Zenaéca Singh – visual artist, graduate of the Michaelis School of Fine Art
Singh, who has recently completed her master’s in fine art, explores the complex history of the sugar economy in South Africa and its entanglement with migration, colonialism, labour exploitation, and the dynamics of the domestic sphere. “The reason I use sugar is because of my heritage and lineage of indentured labourers in KwaZulu-Natal. It’s a very colonial perspective, and what I wanted to do is to offer a glimpse and intimacy of this lived experience,” she said.
Her current works draw primarily on family and archival photographs, transforming them into alluring paintings and assemblages made from molasses, sugar and sugar paste in different states of crystallisation. Singh uses domestic references and imagery to trace connections between the sugar economy and its impacts on domestic culture and conventions for South African Indians.
“I’ve been practicing since 2022, and it’s been an insightful experience working with sugar and how people are responding to it as it is a very interesting and sticky subject matter. The purpose of my art is to take it much broader and to create relational understanding and that is what my community has done for me. We’ve been having interesting discourse and a lot more meaningful conversations, which I think is what art is meant to do. Key to my practice is representation,” added Singh.
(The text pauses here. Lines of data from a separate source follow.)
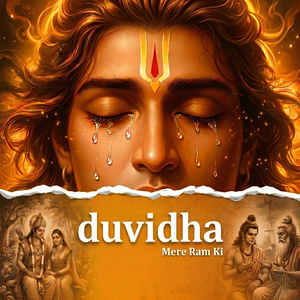 Duvidha Mere Ram ki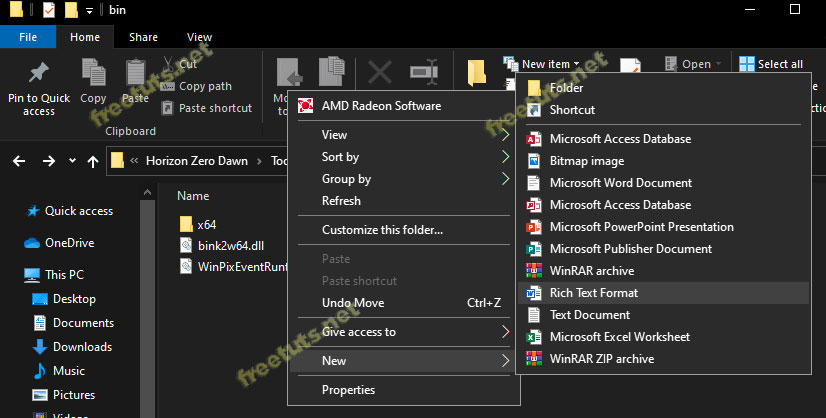 file folder shortcut 12 jpg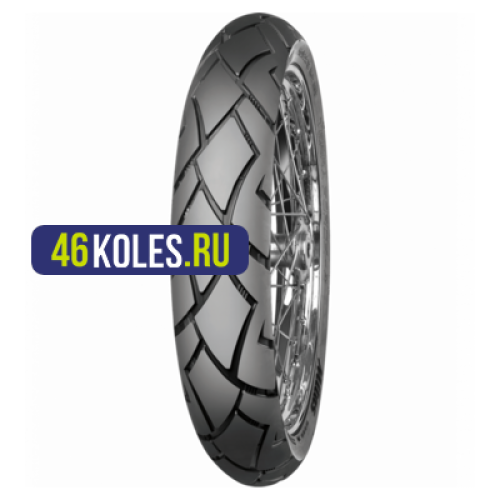 Mitas 90/90-21(3,00-21) 54H Terra Force-R Front TL/TT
Rebaone Finger – visual artist, graduate of the Michaelis School of Fine Art
Finger, a multimedia sculpture artist, is academically interested in the politics of being: silent rage, rest, freedom and luxury, black consumerism, social media, food politics, naming cultures, blackness and black feminisms. As a resemblance of living in-between worlds of access and lack [thereof], Finger’s practice finds its commentary in adopting South African use of food as a naming culture.
“My art is an extension of my graduation show, which was centred around ‘cheese girl’. Growing up, I was associated with the term ‘cheese girl’ and it isolated me, but I began to enquire more about what the term is,” Finger said. “Reading a Karabo Ledwaba article about ‘cheese girl’ being about who is looking in, in other words, the art of perception, is what inspired my interest in the term.”
The term has grown to include and communicate far more expansive layers and levels of social class disparities between the privileged and the underprivileged. “Seeing my work on display is humbling because I just graduated and this is my first group show. My practice is centred around re-identifying what luxury is and what occupying that space as a black body looks like, so I found that gap and I entered. I make sure that my art speaks to what is happening right now. ‘Cheese girl’ is also drawn from a lot of social media tropes and my responsibility is doing it in an authentic way. I pay homage to my community. I’ve kept in touch with mine and ensured that I take them along on the journey.”